This week I agree to give an invited talk at the AGU, soldered some more of my satellite, advised a student, gave several short lectures, and edited some papers.  All of these are things professors get paid for-- except the editing.  Yet, ironically, the editing was my only paying work.

I am a reverse professor.  I do many of the career tasks an academic does, but I only get paid for the private sector component.  And that's the part that a 'true academic' would do for free.

In practice, this means I have traded any form of job stability for complete academic freedom.  I can research anything I wish, write about any topic from any stance, and speak freely.  I have 'virtual tenure', only with no paycheck.

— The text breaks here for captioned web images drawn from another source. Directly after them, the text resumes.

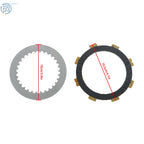 Clutch Friction Steel Plates Kit for Kawasaki KLX110 KLX110L (2002–2024)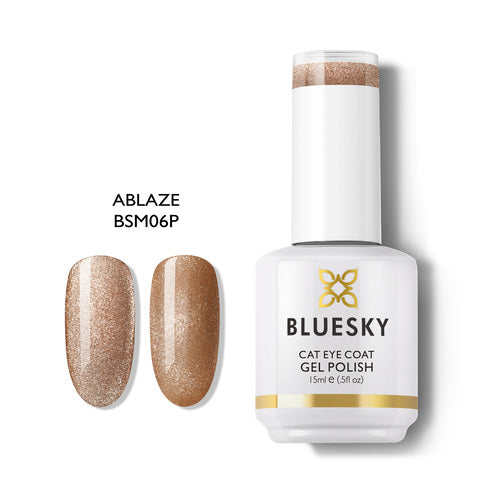 Esmalte Gel Cat Eye Ablaze Bluesky - Ojo de Gato Manicure Chile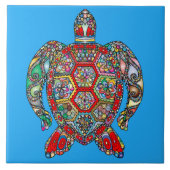 Lebhafte Farbschildkröte Fliese (Vorderseite)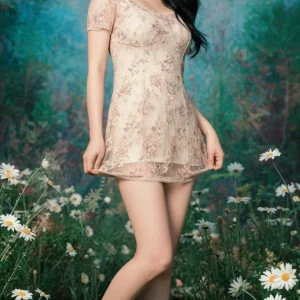 Visualprompt.org korean woman floral mini dress fantasy 60459b5a17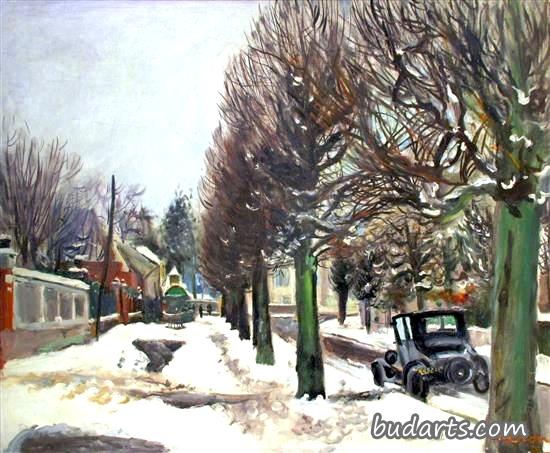 雪下的街道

When I started this column in 2008, I was telling the story about how astronomy (and science) has changed from beign a field of discovery, to being yet another 9-5 grind.  A UniverseToday OpEd by Jon Voisey discusess some of the external factors in this era where "the days of the lone astronomer at the eyepiece are already gone".
Is Dr. Horrible[tm] the future of science, or just a great role model?

I prefer, however, this unintentionally humorous take on this subject.  Taken from a Work-in-Progress (caps not mine) by non-scientist Goetz Hoeppe's titled "Astronomical Multiperspectivism":
Astronomy, it seems, has turned into a "cyberscience".  Observational astronomers today spend considerably less of their professional lives observing at a telescope than, say, twenty years ago. Much of their work has shifted towards analyzing data obtained at diverse ground-based telescopes and satellites, often accessed via the Internet from databases or archives, including the Virtual Observatory, which store vast amounts of data, measured in Petabytes. The benefits for research appear to be enormous, as data from many facilities can be obtained similarly, are continually present, in principle available to the entire professional community, and can be combined in manifold ways. In my talk I shall consider the origins of this new data access regime and explore a mode of epistemic work enabled by it.
I write on the same topic as 'the Daytime Astronomer' here at Science2.0, largely because I'm living it rather than seeing it from the sidelines.  There's no 'consider the origins' of these changes in the culture of astronomy.  The change is real and is noticed and discussed by its practioners (none who were interviewed for the above, I suspect).

Alas, I don't use works like 'epistemic' or put quotes around 'cyberscience'.  So perhaps I'm not Guggenheim material.  The author does need to avoid weasel words, though ('it seems', 'shifted towards', 'often', 'appear to be enormous', 'in principle', 'can be', 'shall consider').  There is no room for weasel words in science.  Well, hardly ever.